タイラー・コーエン 「過去50年間における経済学上の一番のブレイクスルー(画期的な成果)は何?」(2004年9月14日)/「半世紀前(1958年)に公刊された最も偉大な経済学の論文といえば?」(2008年6月17日)

●Tyler Cowen, “What is the biggest breakthrough in economics over the last fifty years?”(Marginal Revolution, September 14, 2004)


過去50年における経済学上の一番のブレイクスルーは何だろうか? ノーベル経済学賞受賞者の面々の回答はこちら [1] 訳注;リンク切れをご覧になられたいが、例えばミルトン・フリードマンは「インフレーションは貨幣的な現象である」というアイデアが広く受容されるに至ったことをその候補に挙げており、バーノン・スミスはハイエクの業績に言及している。

私見を述べさせてもらうと、(過去50年間における経済学上の一番のブレイクスルーは)「インセンティブ」というアイデアの厳密にして首尾一貫した(多方面に及ぶ)応用、ということになるだろう。公共選択論「革命」しかり、プリンシパル=エージェント理論しかり、「法と経済学」(の大部分)しかり。計画経済の破綻にしてもそうだ(pdf)、と個人的には主張したいところだ(計画経済が抱える問題としては、「知識」の問題よりも「インセンティブ」の問題の方が重要度が高いというのが私の考えだ)。インセンティブの基本的な発想はアダム・スミスやアリストテレスにまで遡れるというのは確かだが、1950年以降のアメリカン・エコノミック・レビュー(AER)誌を順を追って試しに紐解いてみたら、どれほど遠くまでやってきたか(「インセンティブ」への理解がどれほど深まりを見せているか)がわかることだろう。

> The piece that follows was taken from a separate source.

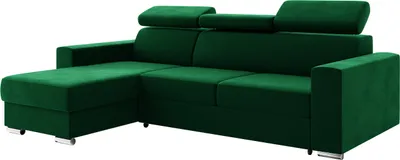 Produktbild von MEBLINI Schlafcouch mit Bettkasten - Ecksofa mit Schlaffunktion - Sofa mit Relaxfunktion und Kopfstützen - Couch L-Form - Eckcouch - Wohnlandschaft - VOSS - 242x168x79cm Links - Grün Samt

●Tyler Cowen, “Best economics paper of 1958”(Marginal Revolution, June 17, 2008)


レオナルド・モナステリオが次のように問いかけている

出版(公刊)されてから今年(2008年)で50周年を迎える(経済学の分野の)本ないしは論文の中で、「これこそ真っ先に讃えるべき偉業」と呼べる業績はどれになるだろうか? (計量経済史を専門とする)私が選ぶとすれば、もちろんあの論文だ。そう。「クリオメトリックス(計量経済史)革命」の端緒を開いたコンラッド&メイヤー論文だ(Alfred H. Conrad and John R. Meyer, “The Economics of Slavery in the Ante Bellum South”, The Journal of Political Economy, Vol. 66, No. 2 (Apr., 1958), pp. 95-130)。ライバルとなり得る候補は何かあるだろうか?

ライバルの筆頭として挙げるべきは、「資本構成の無関連命題」(いわゆる「モジリアーニ=ミラー定理」)を提唱したモジリアーニ&ミラー論文(AER誌に掲載)か、サミュエルソンの「世代重複モデル」論文(JPE誌に掲載)だろう。個人的に順位をつけるなら、一位はモジリアーニ&ミラー論文、二位にコンラッド&メイヤー論文といきたいところだ。他に何か見逃してないだろうか? トーマス・シェリングのゲーム理論に関する有名な論文も公刊されたのは1958年だったような気もするが、どうだったろうか?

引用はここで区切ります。